About Sparse-Plex

Sparse-plex is a MATLAB library for solving sparse representation problems.

_images/union_of_subspaces.png

This is an example of a union of subspaces model. While the ambient space is \(\RR^3\), the data points actually fall in one of the three 2-d planes. The black points are in \(xy\)-plane, yellow points in \(yz\)-plane and red points in \(zx\) plane. Each of the 3 planes is a subspace of the ambient 3 dimensional space. Once an appropriate basis for each of the subspaces is chosen, the data points require only 2 coordinates to identify them in the subspace. In this case, it is easy to see that the standard basis for \(\RR^3\) contains the basis vectors for individual subspaces also. Thus, in the standard basis, each data point has only 2-non-zero coordinates.

The library website is : http://indigits.github.io/sparse-plex/.

Online documentation is hosted at: http://sparse-plex.readthedocs.org/en/latest/.

The project is hosted on GITHUB at: https://github.com/indigits/sparse-plex.

It contains implementations of many state of the art algorithms. Some implementations are simple and straight-forward while some have taken extra efforts to optimize the speed.

In addition to these, the library provides implementations of many other algorithms which are building blocks for the sparse recovery algorithms.

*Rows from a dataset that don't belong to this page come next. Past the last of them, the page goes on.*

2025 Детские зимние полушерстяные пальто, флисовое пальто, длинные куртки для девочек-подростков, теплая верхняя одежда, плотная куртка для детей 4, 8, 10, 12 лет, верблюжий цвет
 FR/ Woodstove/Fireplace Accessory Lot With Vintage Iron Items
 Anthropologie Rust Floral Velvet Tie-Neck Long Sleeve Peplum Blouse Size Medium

The library aims to solve:

  • Single vector sparse recovery or sparse approximation problems
  • Multiple vector joint sparse recovery or sparse approximation problems

The library provides

  • Various simple dictionaries and sensing matrices
  • Implementations of pursuit algorithms
    • Matching pursuit
    • Orthogonal matching pursuit
    • Compressive sampling matching pursuit
    • Basis pursuit
  • Some joint recovery algorithms
    • Cluster orthogonal matching pursuit
  • Some clustering algorithms
    • Spectral clustering
    • Sparse subspace clustering using l_1 minimization
    • Sparse subspace clustering using orthogonal matching pursuit
  • Various utilities for working with matrices, signals, norms, distances, signal comparison, vector spaces
  • Some visualization utilities
  • Some combinatoric systems
  • Various constructions for synthetic sparse signals
  • Some optimization algorithms
    • steepest descent
    • conjugate gradient descent
  • Detection and estimation algorithms
    • Compressive binary detector

The documentation contains several how-to-do tutorials. They are meant to help beginners in the area ramp up quickly. The documentation is not really a user manual. It doesn’t describe all parameters and behavior of a function in detail. Rather, it provides various code examples to explain how things work. Users are requested to read through the source code and relevant papers to get a deeper understanding of the methods.